En l’espèce, des propriétaires de parcelles données à bail ont délivré au preneur un congé pour reprise aux fins d’exploitation par leur fils. Le preneur a saisi un tribunal paritaire des baux ruraux en annulation du congé. Un sursis à statuer a été ordonné dans l’attente d’une décision définitive des juridictions administratives statuant sur le recours formé par l’exploitation agricole à responsabilité limitée (EARL), gérée par le fils des propriétaires, à l’encontre de la décision préfectorale, refusant de lui délivrer une autorisation d’exploiter. Un arrêt d’une cour administrative d’appel a définitivement rejeté la requête de l’EARL.
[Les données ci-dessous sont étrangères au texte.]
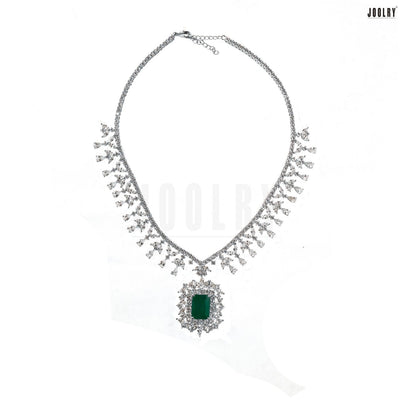 Emerald & Ruby Diamonte Set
C’est en vain que le preneur fait grief à l’arrêt d’appel (CA Rennes, 5 mai 2022, n° 20/06350 : JurisData n° 2022-012259) de valider le congé pour reprise.

Selon l’article L. 411-58, alinéas 4 et 6, du Code rural et de la pêche maritime, dans sa rédaction issue de l’ordonnance n° 2006-870 du 13 juillet 2006, si la reprise est subordonnée à une autorisation en application des dispositions du titre III du livre III relatives au contrôle des structures des exploitations agricoles, le tribunal paritaire peut, à la demande d’une des parties ou d’office, surseoir à statuer dans l’attente de l’obtention d’une autorisation définitive. Lorsque le sursis à statuer a été ordonné, le bail en cours est prorogé de plein droit jusqu’à la fin de l’année culturale pendant laquelle l’autorisation devient définitive. Si celle-ci intervient dans les 2 derniers mois de l’année culturale en cours, le bail est prorogé de plein droit jusqu’à la fin de l’année culturale suivante.

La Cour de cassation approuve, au visa de cet article, les juges du fond d’avoir fait ressortir que le sursis à statuer qu’ils avaient précédemment ordonné n’avait pas entraîné la prorogation de la durée du bail et donc le report de la date d’appréciation des conditions de la reprise, dès lors qu’il apparaissait, rétrospectivement, que la reprise n’était pas soumise à autorisation.

Pour le juge du droit, la cour d’appel s’est, à bon droit, placée à la date d’effet du congé pour apprécier sa validité, sans heurter l’autorité de la chose jugée attachée à la décision du juge administratif, qui n’avait pas le même objet et ne concernait pas les mêmes parties.

En effet, l’article L. 331-2, II, du Code rural et de la pêche maritime, dans sa rédaction antérieure à la loi d’avenir pour l’agriculture du 13 octobre 2014, prévoyait qu’était soumise à déclaration préalable la mise en valeur d’un bien agricole de famille lorsque trois conditions étaient remplies. Cette loi a ajouté une quatrième condition tenant à un seuil de surface fixé par le schéma directeur régional des exploitations agricoles. En l’espèce, ce seuil a été fixé par un arrêté du préfet de la région Bretagne. Les conditions du régime applicable au contrôle des structures devaient donc être appréciées à la date à laquelle le congé devait prendre effet. Si, à cette date, la loi du 13 octobre 2014 était applicable, le schéma directeur n’était pas fixé, de sorte que la quatrième condition n’était pas déterminée à cette date et était inapplicable au fils des propriétaires. Dès lors la cour d’appel, relevant que ce dernier remplissait les trois premières conditions pour bénéficier du régime dérogatoire de la déclaration, en a exactement déduit que la reprise du bien loué n’était pas subordonnée à une autorisation d’exploiter.

À retenir : si la reprise s’avère rétrospectivement non soumise à autorisation à la date d’effet du congé, le sursis à statuer n’a pas prorogé le bail et la date d’appréciation des conditions de reprise reste celle de l’effet du congé.

Mots clés : Prorogation du bail rural. – Conditions de reprise du bail rural. – Sursis à statuer.